(Exercise data Opens)
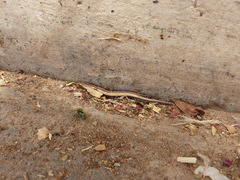 Chalcides mionecton trifasciatus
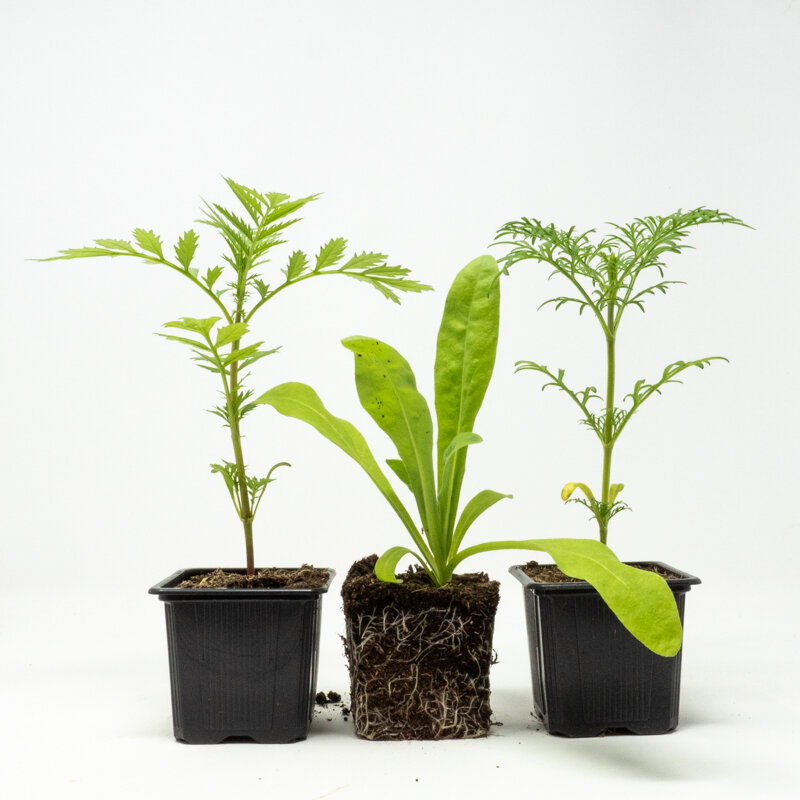 Plants de Fleurs, aromatiques & médicinales - Trio de plantes compagnes 3 plants bio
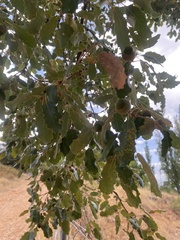 Andricus quercustozae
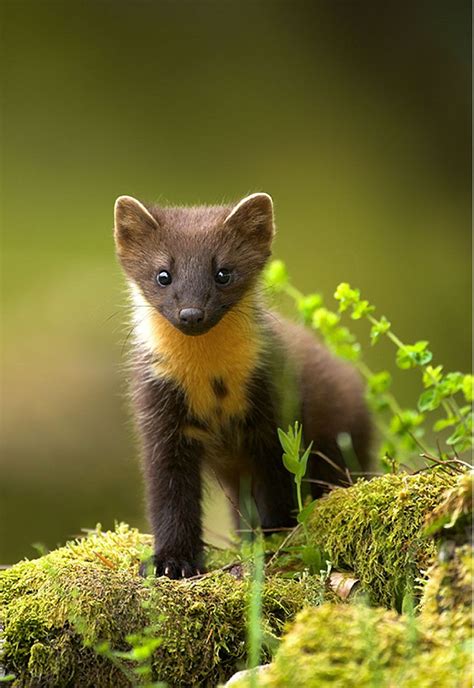 Marten Zomg I Knew Exactly What This Was By Corner Glance Pine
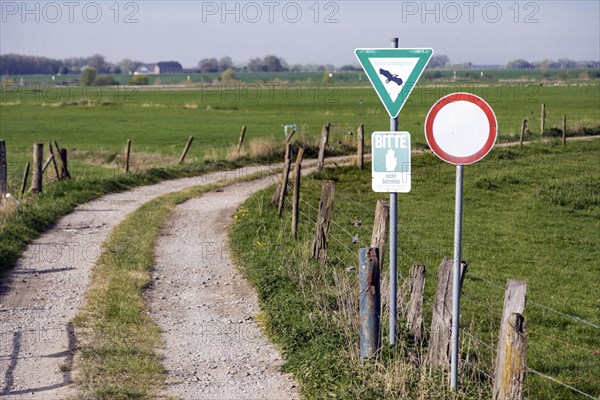 Nature reserve near Rees on the Lower Rhine, field path, pasture, paddock, pasture fences, meadow, Rees, North Rhine-Westphalia, North Rhine-Westphalia, Germany, Europe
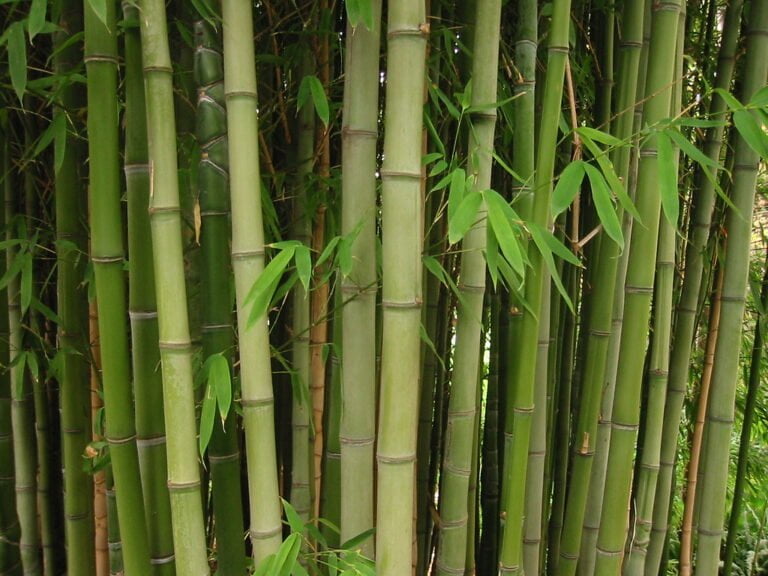A dense cluster of green bamboo stalks with leaves.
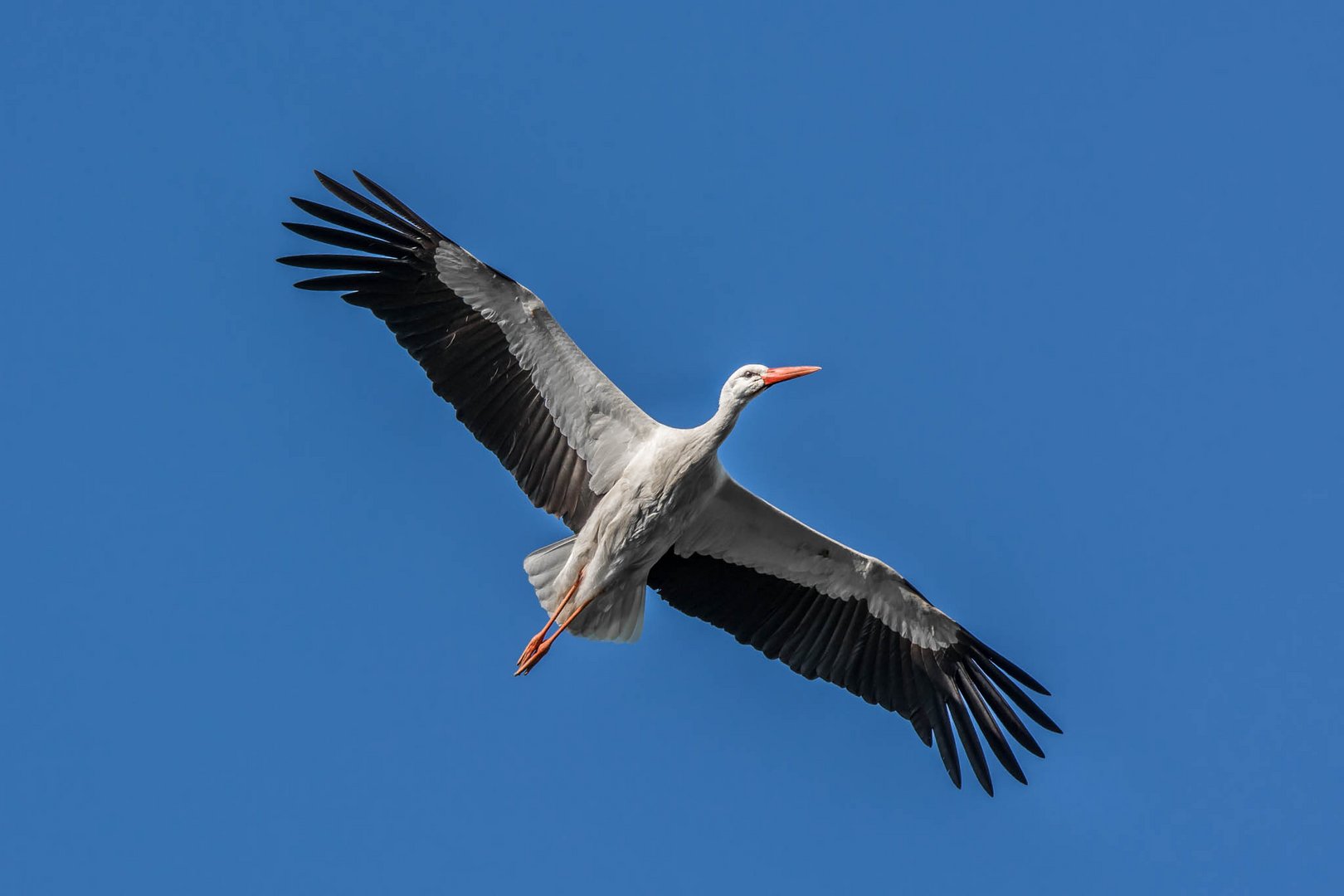 Storch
(Exercise data Closes)
Exercise details: Transcribe each line above exactly, pictures excluded.

Solution for this exercise:
 Chalcides mionecton trifasciatus
 Plants de Fleurs, aromatiques & médicinales - Trio de plantes compagnes 3 plants bio
 Andricus quercustozae
 Marten Zomg I Knew Exactly What This Was By Corner Glance Pine
 Nature reserve near Rees on the Lower Rhine, field path, pasture, paddock, pasture fences, meadow, Rees, North Rhine-Westphalia, North Rhine-Westphalia, Germany, Europe
A dense cluster of green bamboo stalks with leaves.
 Storch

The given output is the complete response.